Miss G West was a young London woman who worked as a cook at a large munitions factory in Woolwich. In these diary extracts from 1916, she describes conditions inside the factory:

March 22nd 1916
Wed. My first night duty. Quite enjoyed it though I felt very sleepy. Boys come in & out all the time to buy buns, tea, lemonade etc. and at 11.30 a big batch of girls come to dinner… The girls are very rough, regular cockneys, but mostly amiable if not rubbed the wrong way. If they are, it is Billingsgate gone mad. The only thing then is to give it them hot and they generally shut up after a bit. A good many come from the danger buildings. When they arrive at their work they have to take out all hairpins and must not wear metal buttons or hooks and eyes. They have to take off their own shoes on one side of the shift room and jump over a barrier onto what is called the clean side in their stockinged feet. There they put on danger shoes which are soft and have no treads. Their work is filling cartridges for bombs…

March 30th 1916
Woolwich is one huge slum, and in fact there are slums all the way between here and London which is one-and-a-half hours by tram… The canteen is close to the firing pits so that by day the noise is deafening, cups leap off the shelves and every now and then the windows break. But I am spared this at night. The workmen who work in the further parts of the factory go to work on the weirdest little trams with wee little engines and trucks like Irish jaunting cars…

July 22nd 1916
Today I was shown over the factory as a great favour. First I saw cordite made into charges. Each charge consists of five or six little bagsful and a core. Each little bag is shaped like a lifebelt. The quantity of cordite it contains has to be weighed to a pin’s head. Even the silk it is sewn up with is weighed. Each bag contains a different weight and the five or six are then threaded on the core. The core is made of a bundle of cordite like a faggot. The whole charge is then packed in a box with a detonator.

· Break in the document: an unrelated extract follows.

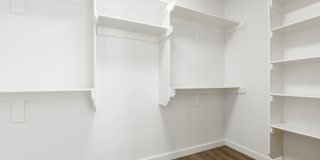***949 SE 10th Street*** Gallery 18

Then I was shown the lyddite works. This is a bright canary yellow powder (picric acid) and comes to the factory in wooden tubs. It is then sifted. The house (windows, doors, floor and walls) is bright yellow, and so are the faces & hands of all the workers. As soon as you go in the powder in the air makes you sneeze and splutter and gives you a horrid bitter taste at the back of the throat.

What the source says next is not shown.